When I moved back to Toronto at age 15, my grandparents insisted that I prepare for my confirmation at St. Ann’s Catholic Church near Gerrard and Broadview, where they were parishioners. The church has a Native People’s Parish, which combines Catholicism with elements of Indigenous spirituality. The church leaders incorporate sage-burning ceremonies into Mass, for instance, and translate hymns into Indigenous languages. As part of my confirmation, the priest insisted that I go on a vision quest—a ritual that lasts anywhere from 24 hours to a week. You’re left alone in the wilderness without food or supplies, and you pray to the Creator for guidance and wisdom.
On the night of my vision quest, I set up my tent at Dreamer’s Rock, a sacred place on Manitoulin Island. I was skeptical. I just thought I’d be abandoned outside, bored, hungry and alone. To my shock, I had a vision that night. It was an old man, standing beyond my tent. He looked like he was beckoning me. I didn’t recognize him, but I believe he was a manifestation of First Nations culture—my culture—which was waiting for me to embrace it.
Over the next few years, I dove into my Indigenous heritage. I read about Crazy Horse, Tecumseh and Sitting Bull. I joined a drum circle that met regularly at the Native Canadian Centre. I learned about oppression and how these rituals provided camaraderie and kinship.
By the time I was 18, I was entirely estranged from my family.
I was living in a studio apartment at Broadview and Danforth, and working as a dishwasher at the Native Canadian Centre.

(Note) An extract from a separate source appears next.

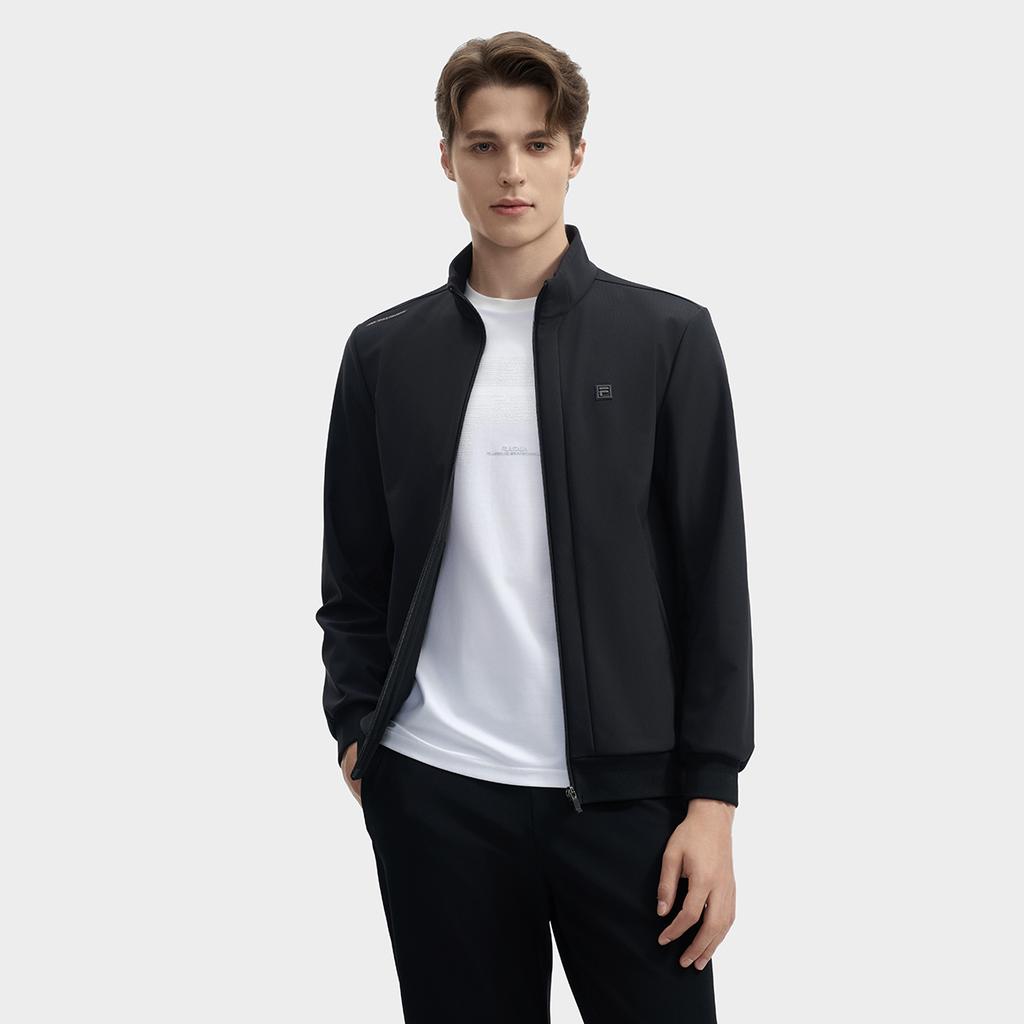 Fila Флисовая куртка на молнии Мужские куртки Черный F11M443502FBK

I was poor, isolated and depressed. Around that time, I went on my second vision quest, this one in Red Lake, Minnesota. It was a powerful experience. I was left out in the bush alone, 10 miles away from the camp, for three days. I had no food or water.

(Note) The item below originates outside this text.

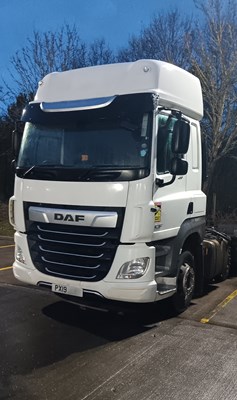 Lot 21 - 2019 DAF CF 480 FTP Tractor Unit Euro 6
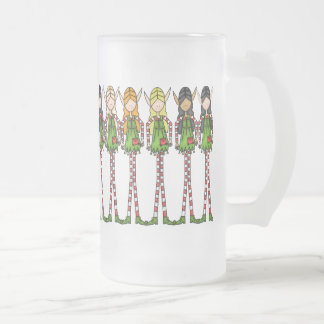 Mugg för magisk jul för älva frostad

I just had to sit up in a tree on some scaffolding and pray. It wasn’t the fasting, bears or wolves I was afraid of; it was being alone with my demons that terrified me.
That first night, I yelled, I screamed, I cried and I sang. I prayed to the Creator and asked what my purpose was. I reflected on my mistakes and realized my childhood had wired me to believe that I was worthless, that I could never accomplish anything. Even though I was only there for three days, it felt like forever. The day after, I went to the sweat lodge. There was a conductor there to make sure I was safe, but, otherwise, it was just me and the fire. I stood in front of the flames and told the spirits my story. I prayed and I suffered. It was an intense, cathartic experience.
That vision quest saved my life. When I returned from it, I found a new sense of belonging in the Indigenous culture I had discovered. I became an active member of the community, serving as the vice-president of the National Aboriginal Youth Council until I was 25. I also started singing and performing at powwows and Native ceremonies in Ontario and across Canada. And I continued to do vision quests every spring and fall.
My life is richer than I ever imagined. Ten years ago, I met my wife, Erika. Today, we have three children: our son is five and our twins are one and a half. Last year, I was the head dancer at a powwow up in Sudbury, and the dance group and I officially invited my son to join us during the ceremonies. It’s one of the greatest joys of my life that my children will have unfettered access to something I spent years searching for.
Eddy Robinson is a musician, artist and educator.